The NRI statistic revealed that overall, the published ARIC model was only marginally better than the published SAHS model (NRI = 0.127, P = 0.060). When we looked at cases and non-cases separately, the ARIC model was not significantly better than the SAHS model in terms of reclassifying cases (Figure ). Specifically, compared to the SAHS model, 32 cases were appropriately reclassified by the ARIC model at a cost of 21 cases being reclassified inappropriately (NRI = 0.100, P = 0.131). However, the ARIC model was better at reclassifying non-cases. In total, 110 non-cases were appropriately reclassified using the ARIC model, at a cost of 76 non-cases being reclassified inappropriately (NRI = 0.026, P = 0.013).
Comparisons of risk classifications for subjects in NHS-92 cohort using recalibrated ARIC (M1) and SAHS (M2) models.
The calibration inspections revealed that the local models showed good calibration properties (Table ). In particular, the H-L statistics for local models are all less than 11.5 and the predicted incidence rates under all local models agree well with observed incidence rates over the 13-year period in the NHS-92 cohort, which was 7.8%. However, the three published models showed poor calibration, with the Framingham model being the worst. In particular, the SAHS and ARIC published models overestimated the incidence rates, while the Framingham model underestimated the incidence rates. Specifically, the estimated incidence rates from the SAHS and ARIC models were 13.5% and 9.8%, respectively. Meanwhile, estimated incidence rates from the Framingham model is 2.0%.
Calibration quality of various predictive models evaluated using NHS-92 Cohort (N = 1,401)
Recalibration improved the calibration quality of ARIC model (Figure ), but the same cannot be said for the Framingham model. The recalibration procedure seemed to work reasonably well for the SAHS model for subjects in the lowest three quintiles (Figure ); however, the SAHS model still overestimated the number of cases in the two highest quintiles even after recalibration. The poor performance of the Framingham model could be due to the fact that the Framingham cohort used to derive the model consists almost exclusively of one race while the Singapore population consists of three races with Chinese being different from Malays and Indians. To investigate this possibility, we performed local fitting and recalibration of the three published models separately in the Chinese and non-Chinese populations, with the race terms removed from the ARIC and SAHS models. In the Chinese population, the H-L statistic for locally-fitted ARIC, Framingham and SAHS models is 4.22, 3.43 and 1.38 respectively, indicating good calibration properties. However, only recalibrated ARIC and SAHS models show acceptable calibration quality with H-L statistic of 7.31 and 2.23 respectively. The recalibrated Framingham model still shows poor calibration quality (H-L statistic = 26.12).

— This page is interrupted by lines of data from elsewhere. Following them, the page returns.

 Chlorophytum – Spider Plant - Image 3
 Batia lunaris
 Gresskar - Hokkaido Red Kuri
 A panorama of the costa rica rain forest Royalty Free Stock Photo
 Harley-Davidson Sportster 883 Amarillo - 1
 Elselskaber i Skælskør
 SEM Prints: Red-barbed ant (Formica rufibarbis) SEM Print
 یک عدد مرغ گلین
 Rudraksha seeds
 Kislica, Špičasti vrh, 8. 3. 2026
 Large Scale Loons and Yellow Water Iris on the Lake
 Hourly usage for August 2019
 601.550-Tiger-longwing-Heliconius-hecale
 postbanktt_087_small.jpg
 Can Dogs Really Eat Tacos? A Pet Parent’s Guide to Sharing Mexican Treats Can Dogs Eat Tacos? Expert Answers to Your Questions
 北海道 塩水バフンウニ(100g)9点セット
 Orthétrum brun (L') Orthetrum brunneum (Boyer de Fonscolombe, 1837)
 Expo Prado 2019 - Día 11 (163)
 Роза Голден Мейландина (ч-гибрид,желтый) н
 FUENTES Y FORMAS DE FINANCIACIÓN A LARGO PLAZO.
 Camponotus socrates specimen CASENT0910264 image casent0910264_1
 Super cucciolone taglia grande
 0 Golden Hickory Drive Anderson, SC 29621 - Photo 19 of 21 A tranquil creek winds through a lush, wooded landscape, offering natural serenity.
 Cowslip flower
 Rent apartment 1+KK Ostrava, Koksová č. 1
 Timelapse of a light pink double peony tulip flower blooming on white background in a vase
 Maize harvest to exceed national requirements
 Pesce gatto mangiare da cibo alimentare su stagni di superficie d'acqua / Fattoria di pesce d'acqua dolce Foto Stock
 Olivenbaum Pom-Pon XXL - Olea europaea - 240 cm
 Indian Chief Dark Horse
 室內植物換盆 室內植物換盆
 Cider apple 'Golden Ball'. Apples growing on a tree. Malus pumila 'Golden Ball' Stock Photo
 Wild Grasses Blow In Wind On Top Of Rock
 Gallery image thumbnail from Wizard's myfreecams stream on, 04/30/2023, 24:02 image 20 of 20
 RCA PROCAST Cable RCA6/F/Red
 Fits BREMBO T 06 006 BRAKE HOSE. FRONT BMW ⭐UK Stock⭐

Among non-Chinese population the story is very similar. The H-L statistic for locally-fitted ARIC, Framingham and SAHS models is 1.53, 2.74 and 3.34 respectively. Among the recalibrated published models, only ARIC shows acceptable calibration quality with H-L statistic of 6.87. The recalibrated Framingham and SAHS have poor calibration quality with H-L statistic of 19.29 and 140.17, respectively. Thus, the poorer performance of the Framingham model is unlikely only due to differences in race effects between the Framingham cohort and Singapore population. It is more likely that differences in the effect sizes of some of the risk factors also contribute to the poor performance.
Observed and predicted number of cases in the different risk quintiles.